START SUPPLIED DATA

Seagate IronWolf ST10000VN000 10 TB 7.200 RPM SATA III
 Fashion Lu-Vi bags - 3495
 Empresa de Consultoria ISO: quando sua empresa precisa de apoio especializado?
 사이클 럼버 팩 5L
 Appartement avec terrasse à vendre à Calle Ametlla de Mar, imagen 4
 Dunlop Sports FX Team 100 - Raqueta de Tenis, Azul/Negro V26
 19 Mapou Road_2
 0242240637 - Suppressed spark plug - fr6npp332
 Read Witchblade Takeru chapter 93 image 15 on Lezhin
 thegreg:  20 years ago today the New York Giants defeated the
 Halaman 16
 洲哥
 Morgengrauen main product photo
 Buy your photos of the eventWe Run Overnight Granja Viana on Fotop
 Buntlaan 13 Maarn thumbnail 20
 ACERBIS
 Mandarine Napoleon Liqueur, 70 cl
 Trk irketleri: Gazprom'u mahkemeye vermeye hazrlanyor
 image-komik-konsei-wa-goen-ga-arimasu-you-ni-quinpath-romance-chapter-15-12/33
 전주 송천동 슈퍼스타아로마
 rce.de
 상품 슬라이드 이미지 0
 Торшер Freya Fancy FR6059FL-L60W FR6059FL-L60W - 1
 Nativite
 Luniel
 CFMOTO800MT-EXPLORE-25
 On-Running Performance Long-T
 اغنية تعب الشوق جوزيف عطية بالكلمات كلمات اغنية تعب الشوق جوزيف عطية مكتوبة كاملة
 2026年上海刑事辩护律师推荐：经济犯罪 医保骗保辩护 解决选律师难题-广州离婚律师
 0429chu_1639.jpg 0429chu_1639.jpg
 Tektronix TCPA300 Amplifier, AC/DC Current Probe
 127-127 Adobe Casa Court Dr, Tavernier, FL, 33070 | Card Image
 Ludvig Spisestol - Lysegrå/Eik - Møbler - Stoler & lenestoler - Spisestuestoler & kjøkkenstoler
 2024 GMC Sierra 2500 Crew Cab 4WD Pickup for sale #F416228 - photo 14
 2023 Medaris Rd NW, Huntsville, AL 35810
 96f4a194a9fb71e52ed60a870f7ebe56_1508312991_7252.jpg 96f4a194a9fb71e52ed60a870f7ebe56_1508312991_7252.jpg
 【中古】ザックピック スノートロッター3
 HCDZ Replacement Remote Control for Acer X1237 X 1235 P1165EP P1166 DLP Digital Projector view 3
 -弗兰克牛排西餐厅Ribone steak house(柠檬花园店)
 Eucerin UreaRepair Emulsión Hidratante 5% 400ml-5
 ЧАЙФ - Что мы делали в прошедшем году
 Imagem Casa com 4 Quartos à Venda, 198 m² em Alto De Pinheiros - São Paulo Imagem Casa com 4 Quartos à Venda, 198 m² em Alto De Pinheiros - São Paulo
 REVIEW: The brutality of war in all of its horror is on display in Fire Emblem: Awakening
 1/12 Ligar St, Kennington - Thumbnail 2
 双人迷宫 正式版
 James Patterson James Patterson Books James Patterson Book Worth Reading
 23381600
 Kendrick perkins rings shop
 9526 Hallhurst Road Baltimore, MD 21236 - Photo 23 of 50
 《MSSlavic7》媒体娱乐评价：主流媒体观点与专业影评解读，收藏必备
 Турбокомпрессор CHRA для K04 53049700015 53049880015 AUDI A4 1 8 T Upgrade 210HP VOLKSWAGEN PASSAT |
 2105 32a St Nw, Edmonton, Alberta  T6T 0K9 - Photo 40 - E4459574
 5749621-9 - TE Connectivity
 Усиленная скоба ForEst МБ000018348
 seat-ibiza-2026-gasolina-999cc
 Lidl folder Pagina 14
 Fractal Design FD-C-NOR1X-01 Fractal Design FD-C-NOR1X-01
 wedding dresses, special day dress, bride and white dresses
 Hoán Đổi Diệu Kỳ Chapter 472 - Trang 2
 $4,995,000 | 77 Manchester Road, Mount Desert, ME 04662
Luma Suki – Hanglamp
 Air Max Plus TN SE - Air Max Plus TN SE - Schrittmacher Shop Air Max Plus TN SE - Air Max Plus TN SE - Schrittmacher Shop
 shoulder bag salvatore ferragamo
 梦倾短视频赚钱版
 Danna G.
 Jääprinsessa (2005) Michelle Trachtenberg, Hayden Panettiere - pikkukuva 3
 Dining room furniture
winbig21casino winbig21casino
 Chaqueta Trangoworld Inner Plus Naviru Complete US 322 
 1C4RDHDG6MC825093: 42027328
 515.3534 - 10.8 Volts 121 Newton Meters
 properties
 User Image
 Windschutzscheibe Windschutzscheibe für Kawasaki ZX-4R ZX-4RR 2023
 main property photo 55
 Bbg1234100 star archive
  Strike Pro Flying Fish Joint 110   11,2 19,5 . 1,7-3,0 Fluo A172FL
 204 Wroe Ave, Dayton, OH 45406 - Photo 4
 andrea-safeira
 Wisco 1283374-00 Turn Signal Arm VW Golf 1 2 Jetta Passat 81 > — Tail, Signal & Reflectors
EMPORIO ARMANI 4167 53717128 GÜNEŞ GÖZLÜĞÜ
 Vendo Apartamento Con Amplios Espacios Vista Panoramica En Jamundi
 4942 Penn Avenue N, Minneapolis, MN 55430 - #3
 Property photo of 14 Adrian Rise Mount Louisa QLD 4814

END SUPPLIED DATA

## [WHAT THIS TASK INVOLVES]
Using the records above, gather all lines where the string "Plus" is present.

## [RESPONSE AREA]
 Air Max Plus TN SE - Air Max Plus TN SE - Schrittmacher Shop Air Max Plus TN SE - Air Max Plus TN SE - Schrittmacher Shop
 Chaqueta Trangoworld Inner Plus Naviru Complete US 322 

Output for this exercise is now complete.